Now when I output data from our database, it gets output correctly even with strange eastern europe chars
But I thought that when outputting strange characters for valid HTML, you had to use the entity code?

In that case surely
htmlspecialchars() is not enough,
I also thought that it was preferred to use the numeric entity code rather than the text one... meaning the output of
htmlentities() is incorrect.
Is that right?
Or have those days gone?
If your variables are to be used in an <input> or <textarea> tag on say an 'edit' page, then
htmlspecialchars() is the one you need.
But I thought for valid HTML that you should always use the numeric entity codes.

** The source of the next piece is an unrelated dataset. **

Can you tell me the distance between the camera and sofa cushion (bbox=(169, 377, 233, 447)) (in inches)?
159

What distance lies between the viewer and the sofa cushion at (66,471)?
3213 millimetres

Mind you, I did learn HTML over 10 years ago now, and many things have changed

Posted: Thu Dec 13, 2007 10:00 am
by John Cartwright
htmlspecialchars/htmlentities does convert the character to it's "numerical entity code". Click View->Page Source to see what htmlentities actually returned.
Posted: Thu Dec 13, 2007 10:26 am
by batfastad
Jcart wrote:htmlspecialchars/htmlentities does convert the character to it's "numerical entity code". Click View->Page Source to see what htmlentities actually returned.
I know that one
But my question was:
1) Am I correct in thinking / remembering that to have
valid HTML code, all special chars must be encoded into their entities?
I'm sure that was the case when I learnt HTML... maybe some time ago now though
If that is true... surely for output on a valid HTML page you need to do
htmlentities()?
Apart from within an <input> or <textarea> where
htmlspecialchars() will work well enough.
This contradicts this note...
http://uk3.php.net/manual/en/function.h ... .php#78509 and what was said earlier.
Or is it valid HTML nowadays to just leave special chars
un-entity-ised in your HTML code?
eg: copyright symbol, accented chars, eastern europe chars... just leaving them as is, without replacing as entity codes?
Going one more step... I thought W3C recommendations were that numerical entity codes should be used whereever possible.
Not the text codes (even though they work just fine).
2) Is there a PHP function that returns the numeric entity codes for all the entities, rather than text ones?
Thanks
Ben
Posted: Thu Dec 13, 2007 10:30 am
by John Cartwright
I've never heard that you should always use the entities, that just doesn't make sense. htmlentities will not render as html, like you cannot render a <table> element.
I think what you mean is that the content (i.e. anything that is not supposed to be rendered as html) should always be htmlspecialchar()'d. Then yes.